Speaking in a panel discussion session titled ‘The financial wellbeing journey’ at Employee Benefits Live 2017, James Devine, executive director of HR and organisational development at Medway NHS Foundation Trust, said: “The organisation genuinely does care about our staff, particularly those who are perhaps lower paid than our nurses or our doctors; 400 or 500 of our staff we know are in the lowest pay bracket in the NHS and I don’t think it’s right that we don’t support them.”
As well as removing the pay grade one bracket to increase wages across the board, Medway NHS Foundation Trust also implemented a payroll loan scheme, provided by Neyber. Since July 2017, 300 employees have accessed the payroll loan portal, and 61 staff have applied for loans that total just under £90,000. These are mainly for debt consolidation.
“For those who don’t know Medway as an area, it has some very deprived areas in it and we know from our analysis that most of our workforce live within a three to five mile radius of the hospital,” Devine added.
In the session, Devine spoke alongside Naomi Austen, head of reward at charity Axis, and Nick Weinel, reward director at logistics organisation DHL.
Axis introduced its fairer finance approach, again provided by Neyber, as part of its overall people strategy in order to address the financial wellbeing issues of its workforce. This included changing the workplace culture of certain employees within the business acting as loan sharks for their colleagues. DHL on the other hand brought in its payroll loan benefit in August 2016, after it experienced employees asking for payroll advances on a regular basis. To date, 150 DHL employees have benefited from the introduction of the payroll loans.
DHL has additionally placed a heavy emphasis on financial wellbeing education, using monthly webinars to help employees manage their financial health. Furthermore, employees who are refused a loan are given financial education to equip them with the relevant know-how to be eventually accepted for the loan that they require.

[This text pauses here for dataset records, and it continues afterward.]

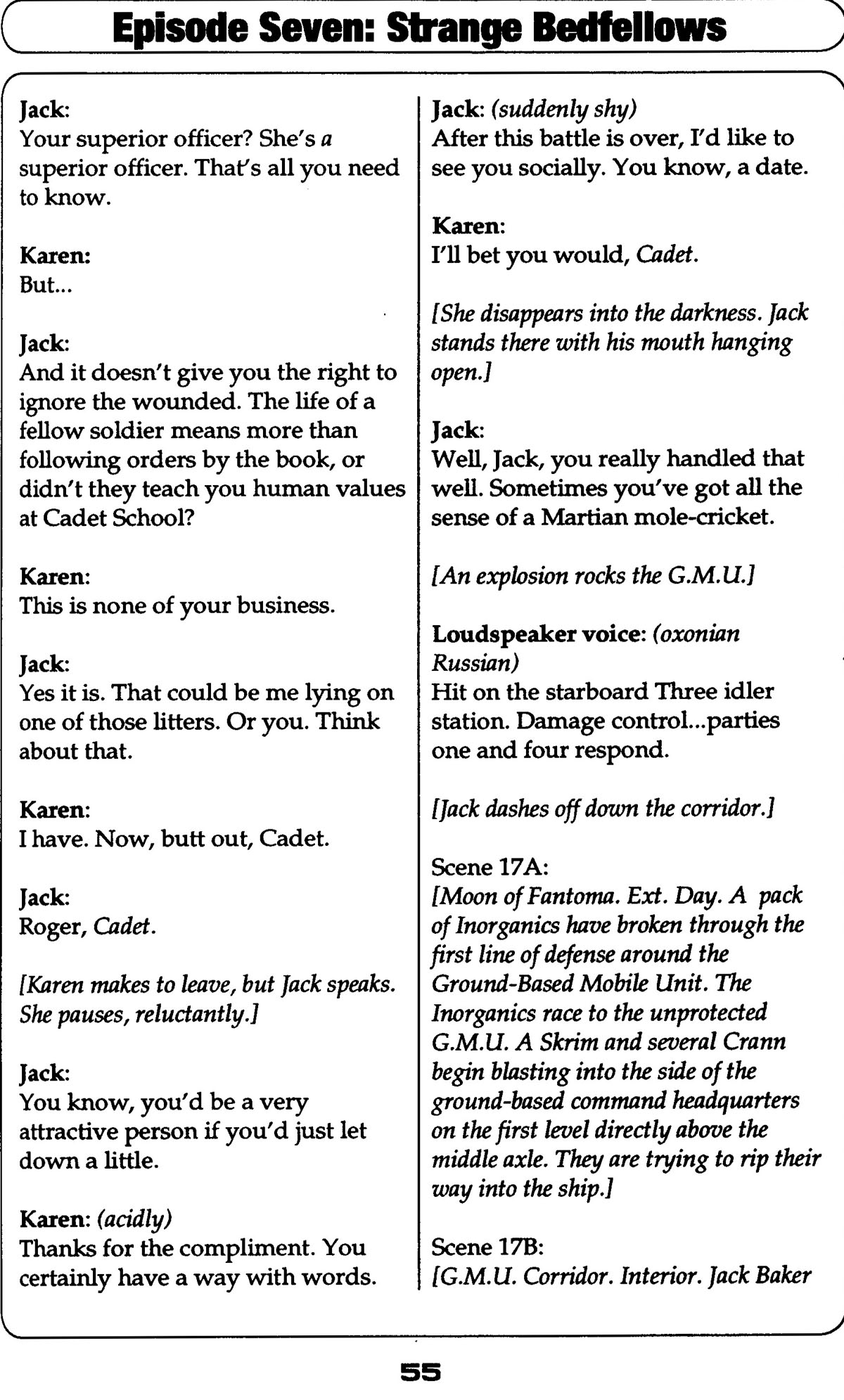 Read online Robotech II: The Sentinels comic -  Issue # _Script Book 2 - 53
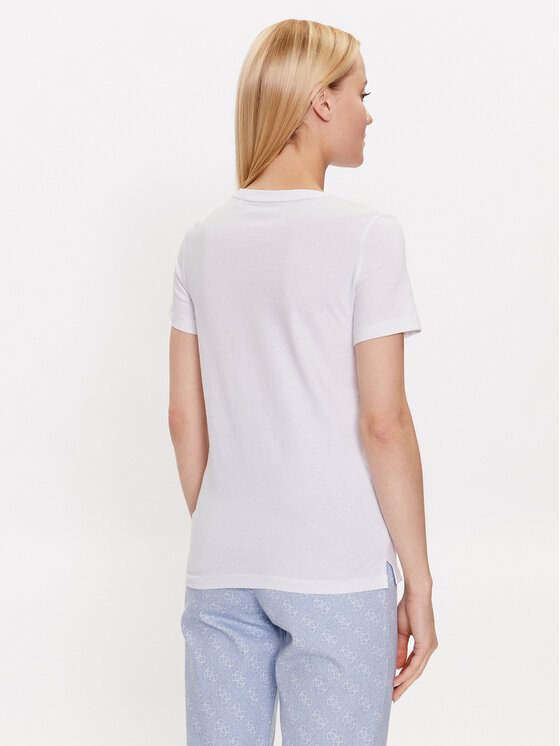 Guess Guess T-shirt W1YI1B I3Z14 Bijela Slim Fit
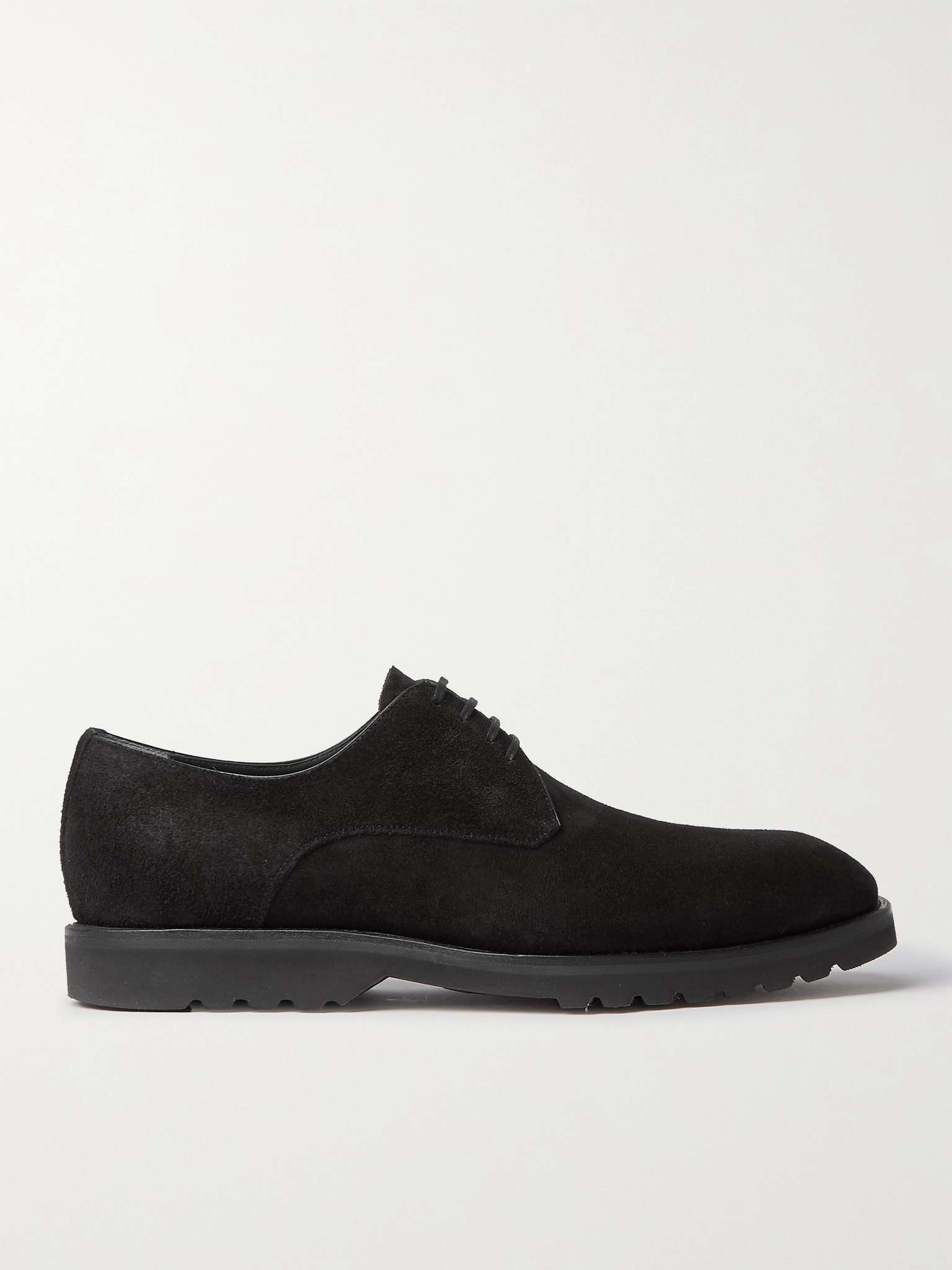 Kensington Suede Derby Shoes - 1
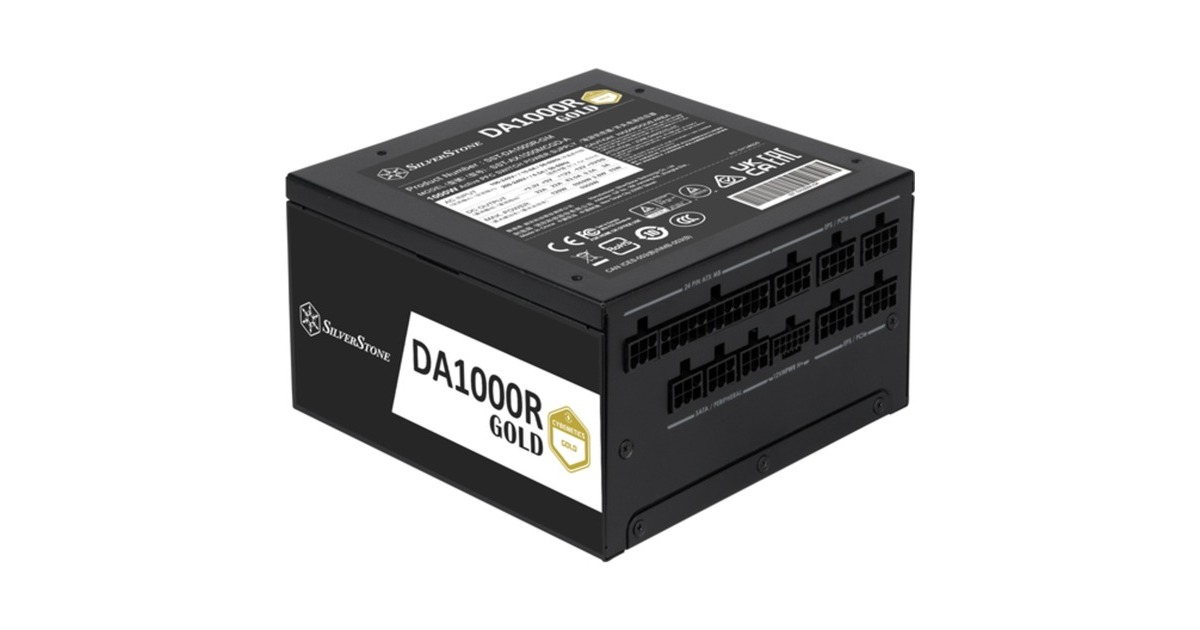 SilverStoneSST-DA1000R-GM modulaire 1000 watt voeding   (Zwart, 6x PCIe)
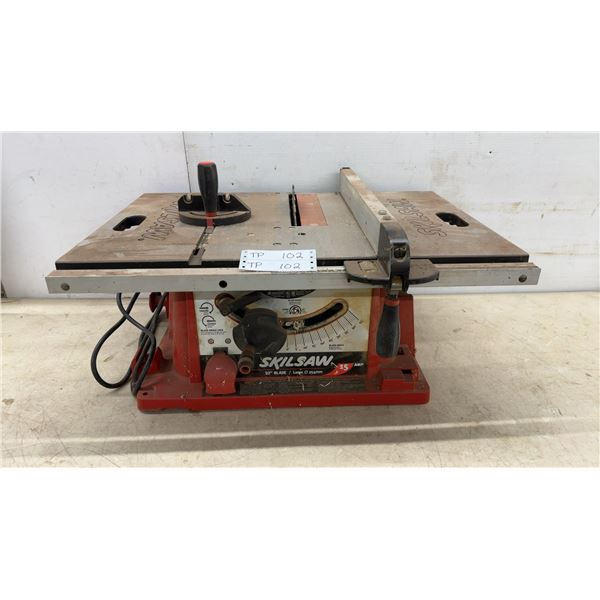 Skilsaw 10” Blade 15 Amp Table Saw, Blade Guard, and Rip Fence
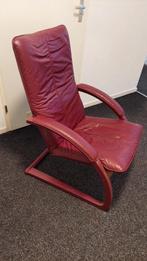 Leren stoel, Huis en Inrichting, Fauteuils, Ophalen, Zo goed als nieuw, 75 tot 100 cm, 50 tot 75 cm
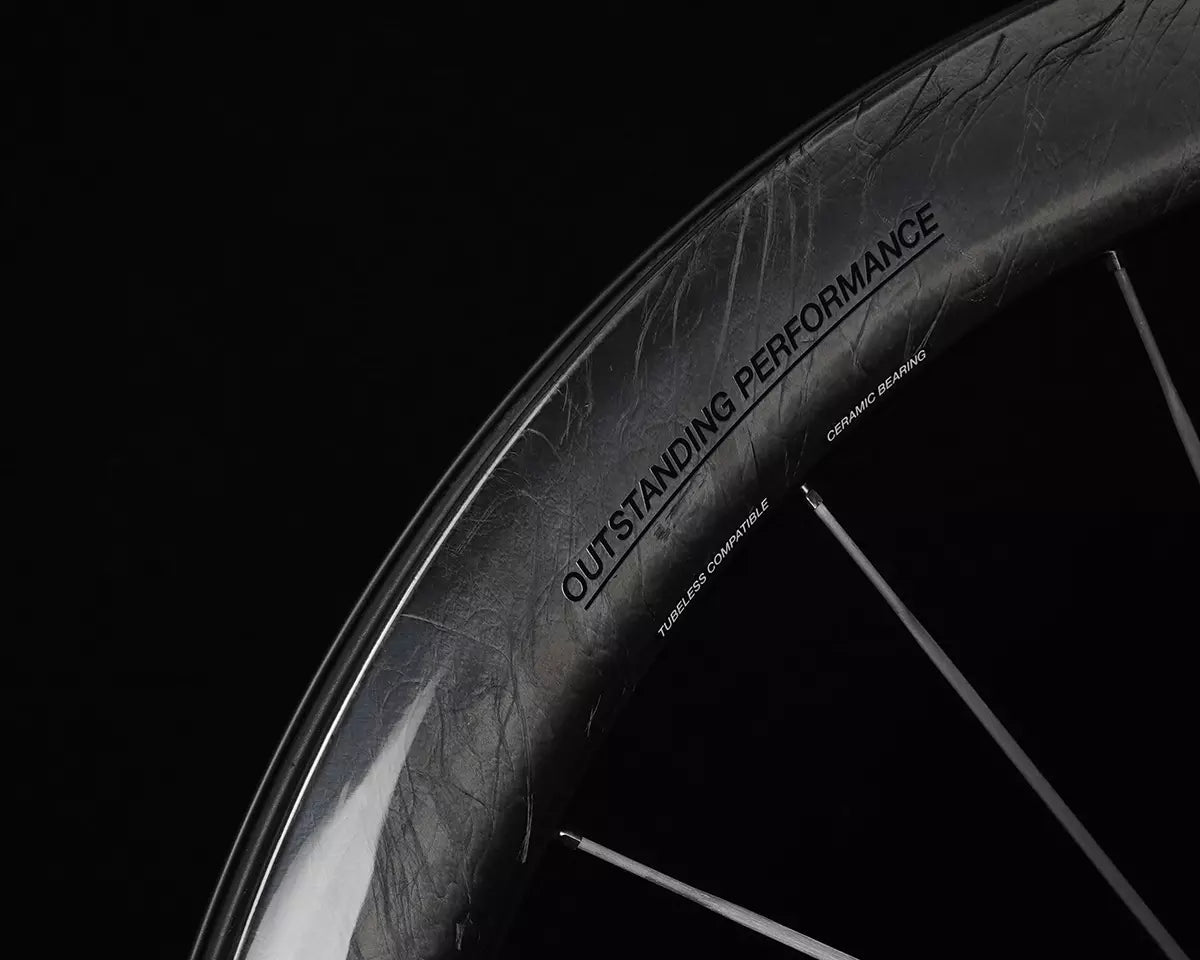 Elite Drive 50D Carbon Tubeless Ready Disc Brake Wheelset | The Bike Affair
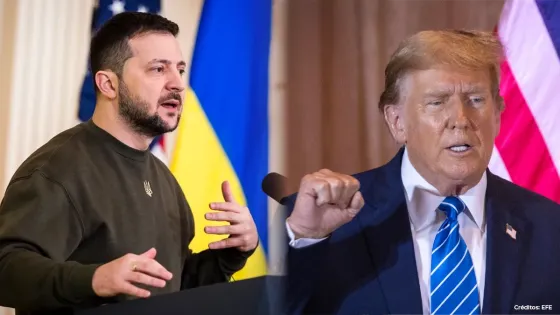Zelenski y Trump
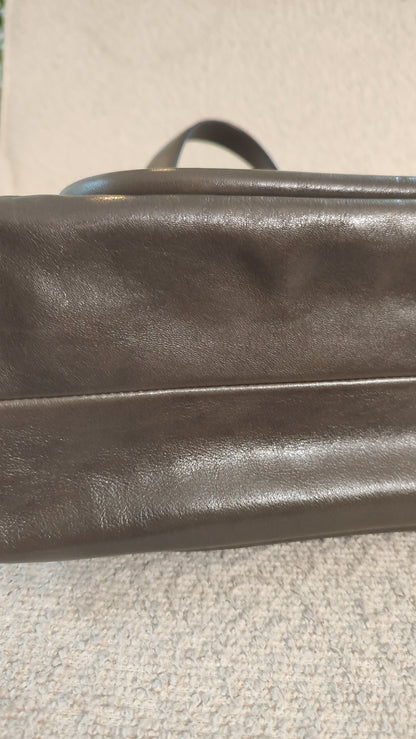Chloe Small Double Carry Flannel Gray Bag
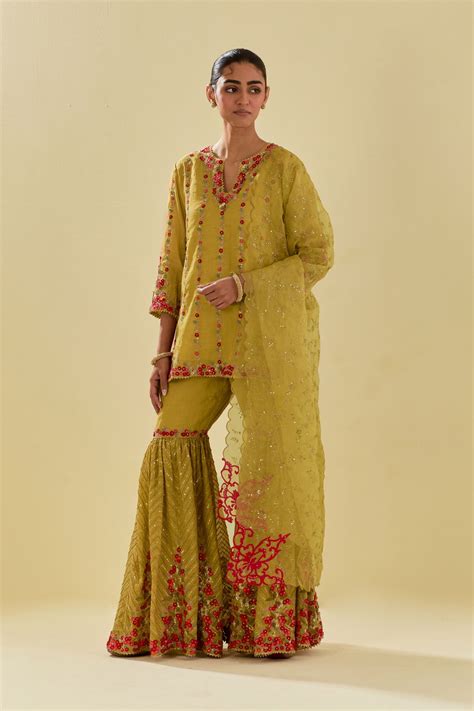 Kora - Yellow Sharara Set - Elahe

This process has seen employees that were originally rejected for a loan be accepted six to 12 months later.
Weinel said: “Within DHL, the education was just as important as the actual product itself around the loan piece, but the monthly webinars we do are critical to the success of the overall financial wellbeing strategy and we’ve found where we’ve had employees who have been rejected for a loan, they’ve been triaged into the financial education piece where they’ll be able to attend a webinar on improving their credit score, where it could be one of a number of things but ultimately to get them in a better place where actually they can borrow money responsibly. It is that ongoing journey really.”
How organisations communicate and promote a financial wellbeing strategy can also have an impact on how it is received by employees. For example, Axis’ Austen described the organisation’s payroll loan benefit as ‘fairer finance’. She said: “We definitely didn’t sell it as a loan product, we sold it as a fairer finance journey because there is a negative association. It’s not just about loans, it’s a whole emotional journey with financial wellbeing.”
Communications tools that the panellists use to promote financial wellbeing benefits to staff include information presented with payslips, details posted on the staff intranet, newsletters and face-to-face communications.
In addition, the panellists also discussed what data can be collected and used to demonstrate the value of a financial wellbeing strategy to senior leaders. This can include statistics such as employee absence data, as well as engagement survey results, anecdotal feedback and case study results.
Devine said: “My question to the executive team was why wouldn’t we do this? […] I think the days of reduced gym memberships, free lollipops at the door are gone. I think staff are looking for stuff that’s tangible that they can really access and say ‘that’s the employee benefit that I’m looking for’.”